Items from a dataset =
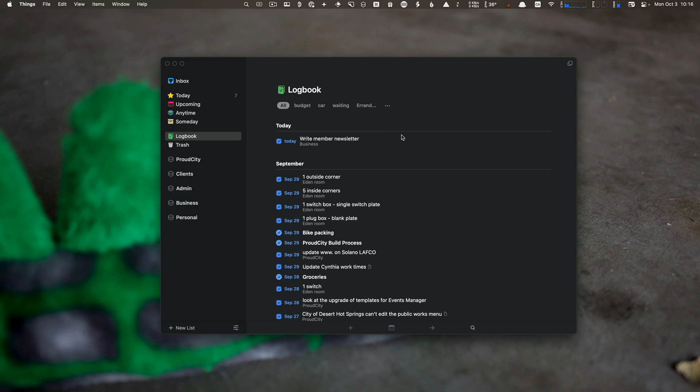Logbook is a history of all the things you've already done. I don't really look at this because I have it set up to work with Obsidian so that Obsidian logs each task on the day it was done. Then I can go back through my Obsidian database if I want to see tasks I've completed.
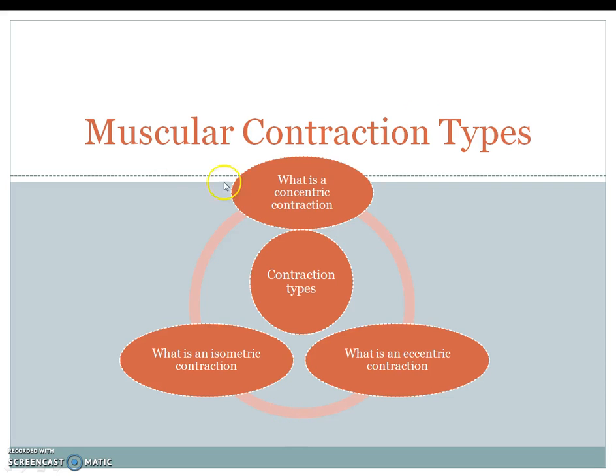Hello all and welcome to the second Anatomy & Physiology screencast for tonight. This is going to be our muscular contraction types.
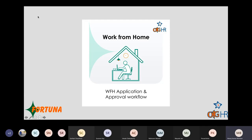Then there's a work from home process with a full approval workflow. In today's scenario where people are working from home, the work from home approval is given by the manager, and only once approved can the employee log into the system. The employee submits an application which goes to their reporting manager, and only after approval can they mark attendance from home.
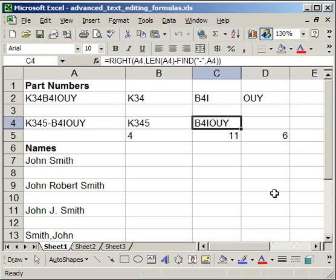In this tutorial, I'm going to show you some more examples of how to pull out text from a cell in Excel.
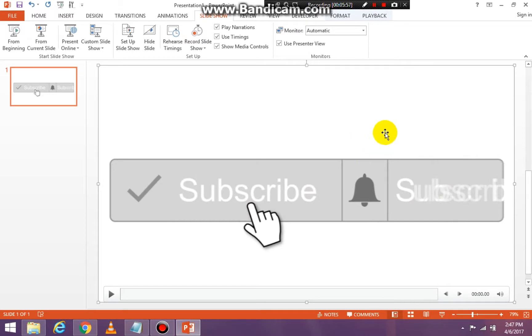Alright, I hope this helps. If you need any more help, just give me a call. You know how to contact me. See you later and have a wonderful day. Bye bye.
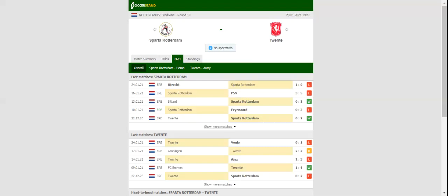Sparta Rotterdam were on the verge of holding Utrecht to a goalless draw at the weekend, but the hosts eventually scored the late winner to pick up all three points from the match.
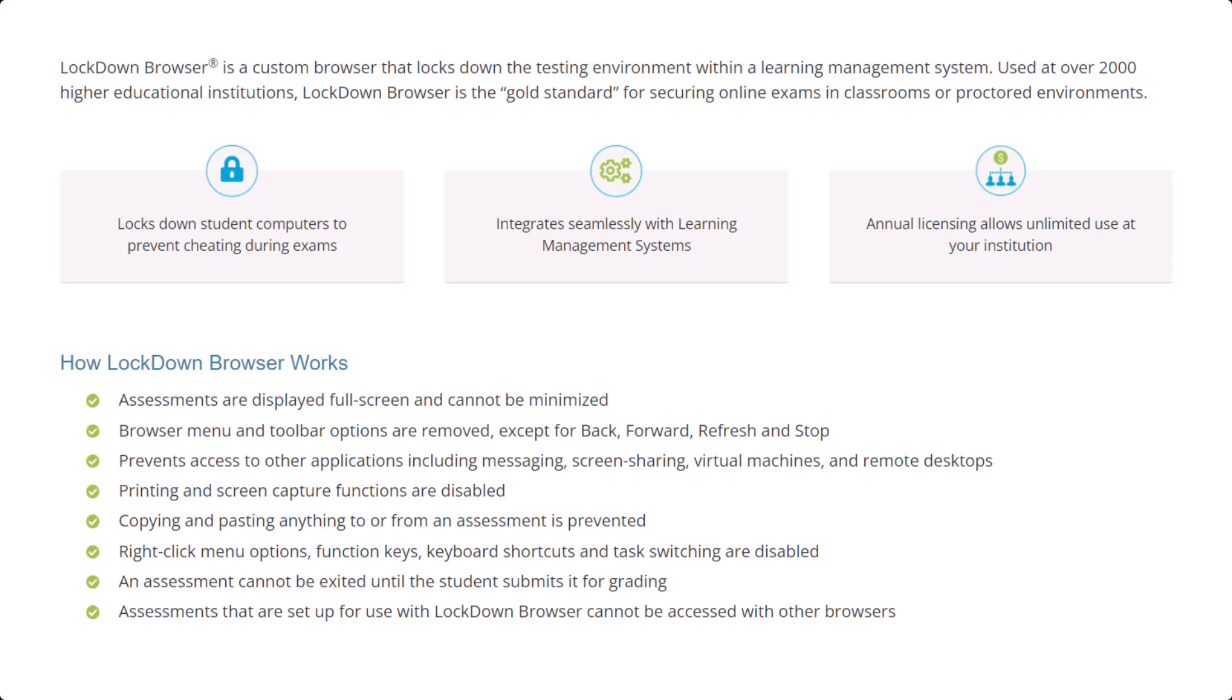The main function of the tool is the Lockdown Browser itself, which keeps students from accessing external materials on their device. This software can also allow automated proctoring, which uses the student's webcam to track facial movements to see if they are possibly looking off-screen at another monitor, phone, or notebook.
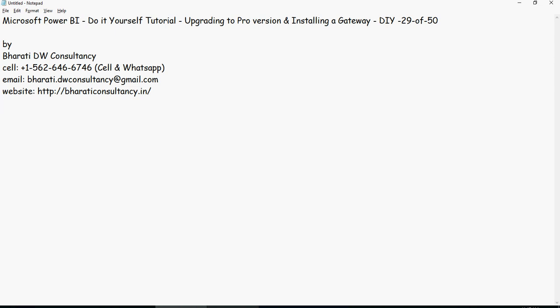Hello and welcome to another video of this Power BI do-it-yourself tutorials. In this video, we're going to talk about how to upgrade to the Pro version.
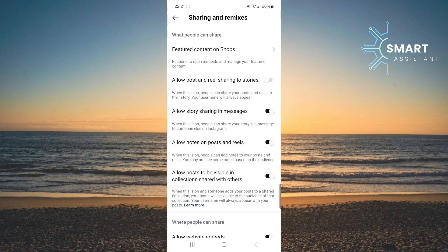Once you're in this option, find allow post and reel sharing to stories and tap the switch next to it to activate it.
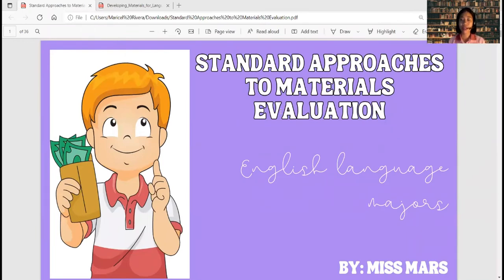This is a topic that I haven't included in my previous video lectures. In this video, we are going to focus our discussion on approaches to materials evaluation. This topic is intended for the English language majors or those who major in linguistics or English language. Let's try to explore standard approaches to materials evaluation.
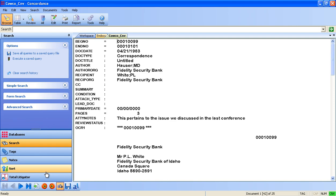Thank you for viewing this brief Concordance demo. Concordance is a discovery review platform that provides efficient management of discovery documents.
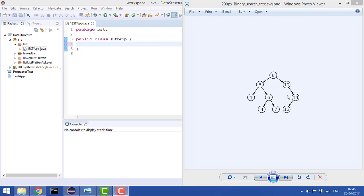BST can search in O(log n). You know that the left child is always less than the parent and the right child is always greater, so you can always achieve log n capability. For insert, delete, and search, BST always has the least complexity — in most cases O(log n) in the average case. That is why BST is a very good data structure to store data, and that is why we use BST.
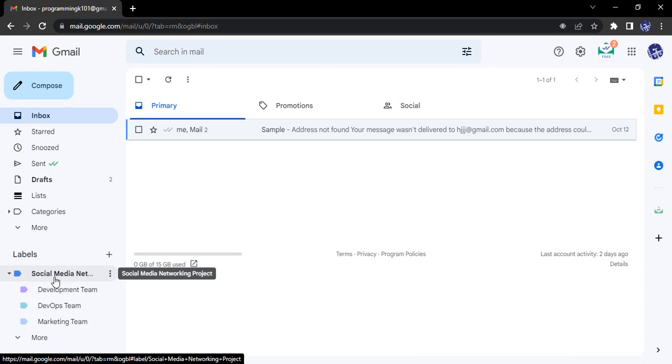So that whenever in the future I want to refer to any of the mails, I know where all the mails are kept. It is easier for organization purposes.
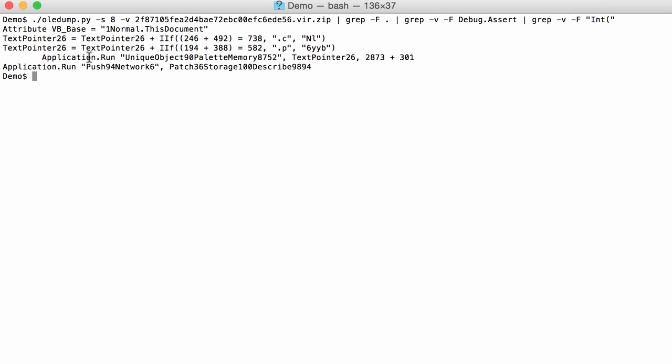And now we end up with just a couple of lines. Two application runs. That's what we were looking for. And this one here has text pointer 26. And now we also have those two lines here. Text pointer. That's because they contain a dot. And that's lucky for us. Because now we can actually see that text pointer 26. It's a string concatenation. Obfuscated string concatenation. Probably the command here is somewhere in those lines.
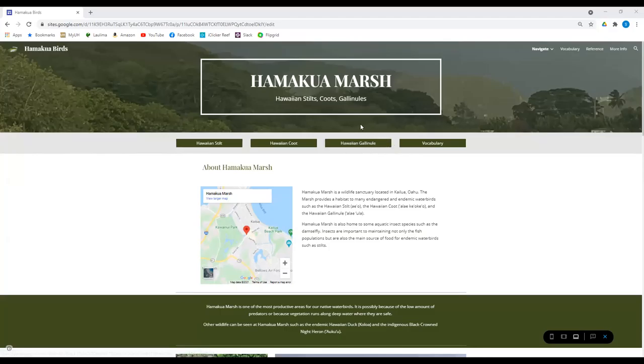Hey guys, this is Group 8 here and our project is on Hamakua Marsh and some of the endemic and endangered waterbirds that live there.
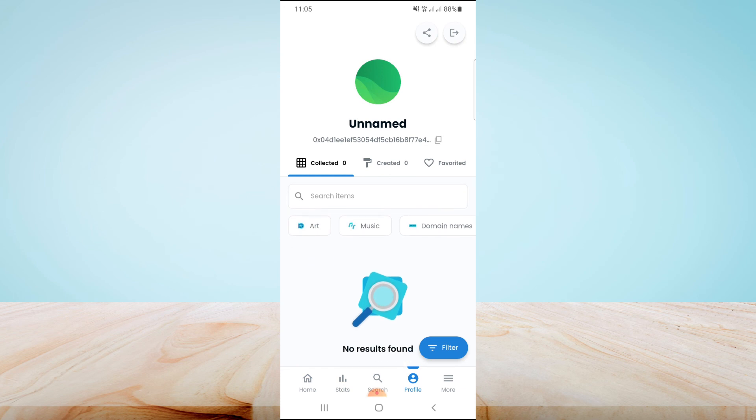I hope this video will help you fix the connection error between these two apps. For more informative videos, subscribe to this channel. Thanks for watching and goodbye.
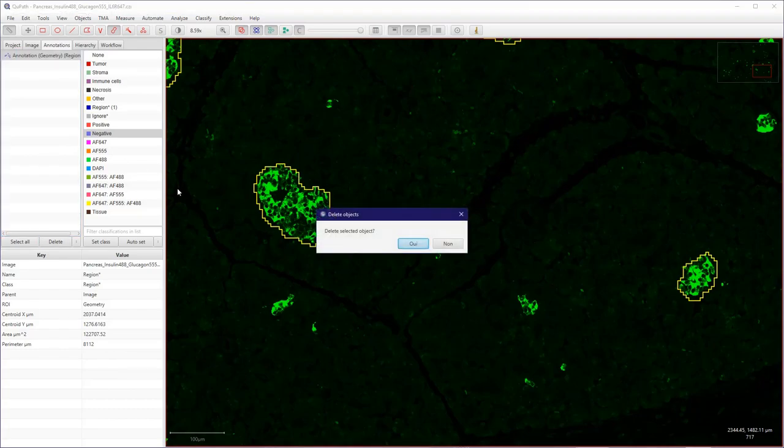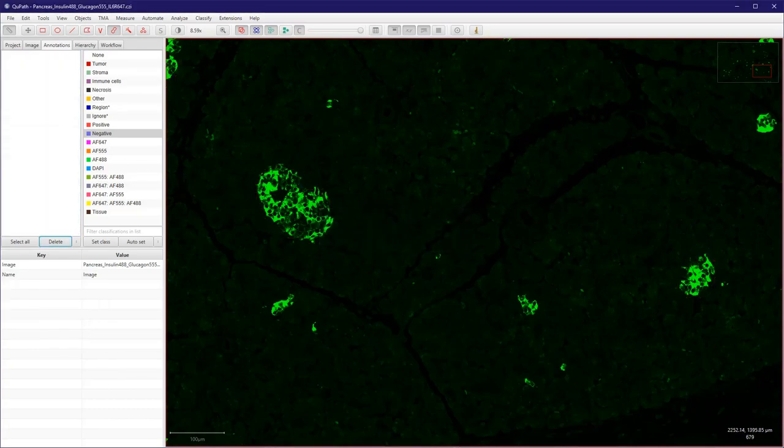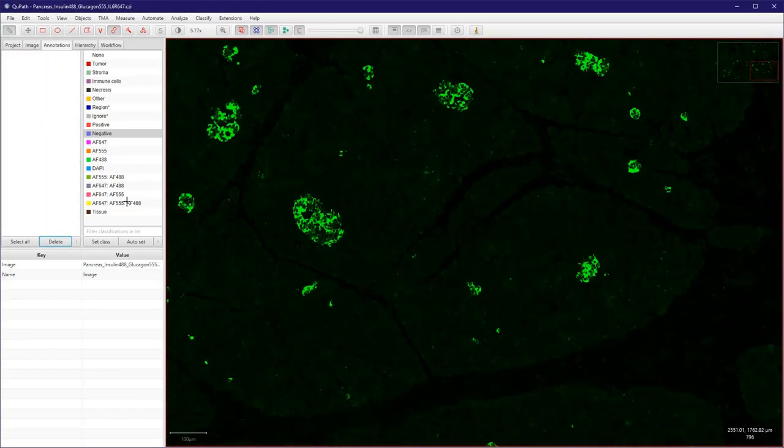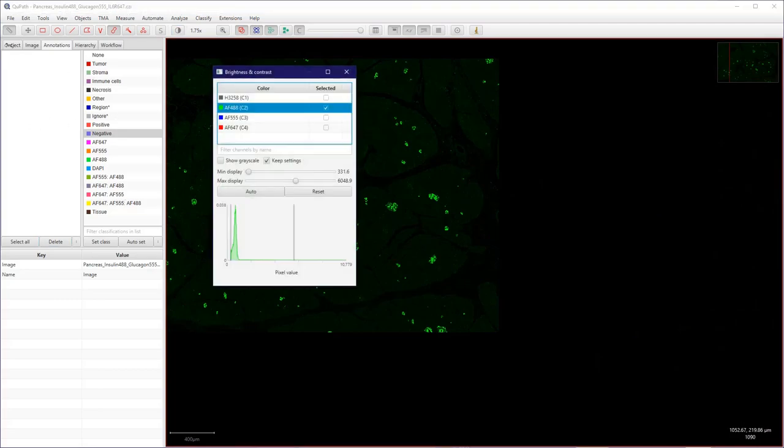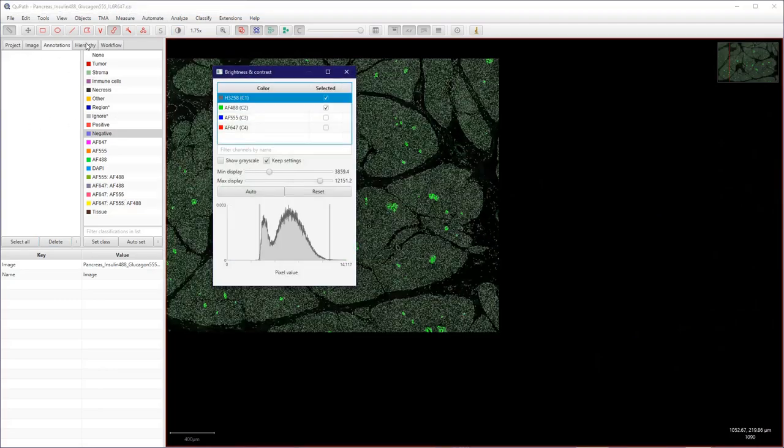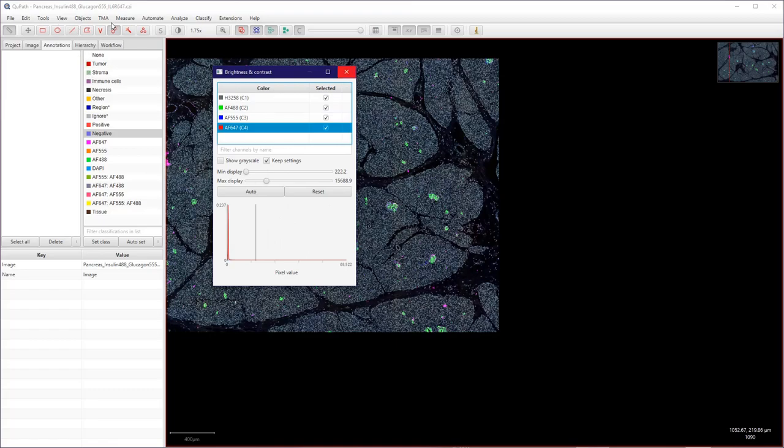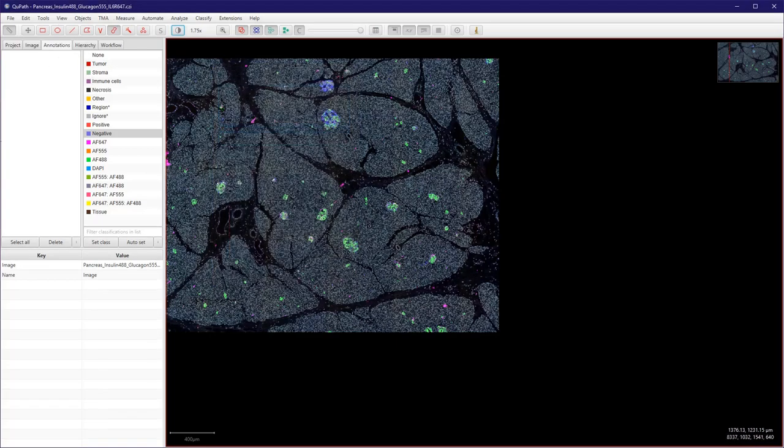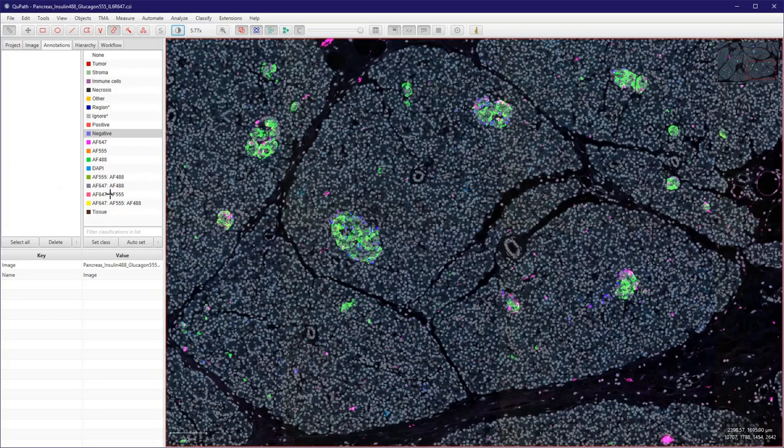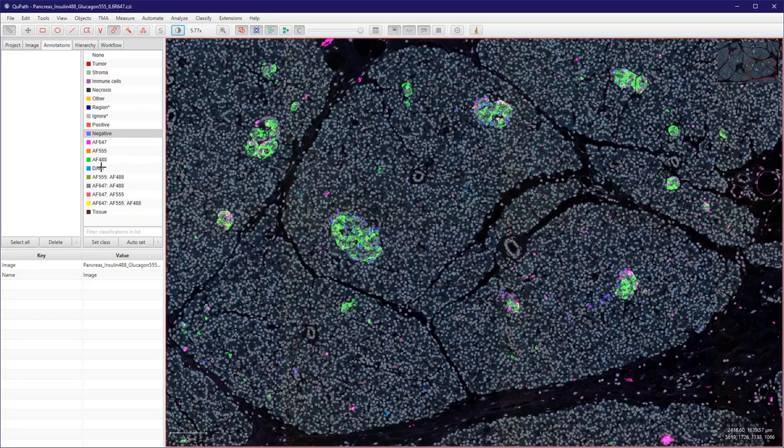So I will clear up here my annotations and I'm just left now with a fluorescent image. So I wanted to select those green regions here.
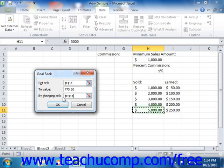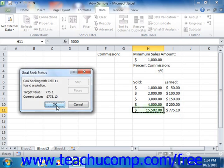Once that's entered, just click the OK button to instantly see the result. To accept the result and place it into your worksheet, click the OK button again, or you can click the Cancel button to discard the information.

WHAT YOU WILL DO = Starting at the line that contains "So I will clear", write out every line through the end of the entries, both ends included, without any pictures.

SOLUTION =
So I will clear up here my annotations and I'm just left now with a fluorescent image. So I wanted to select those green regions here.
Once that's entered, just click the OK button to instantly see the result. To accept the result and place it into your worksheet, click the OK button again, or you can click the Cancel button to discard the information.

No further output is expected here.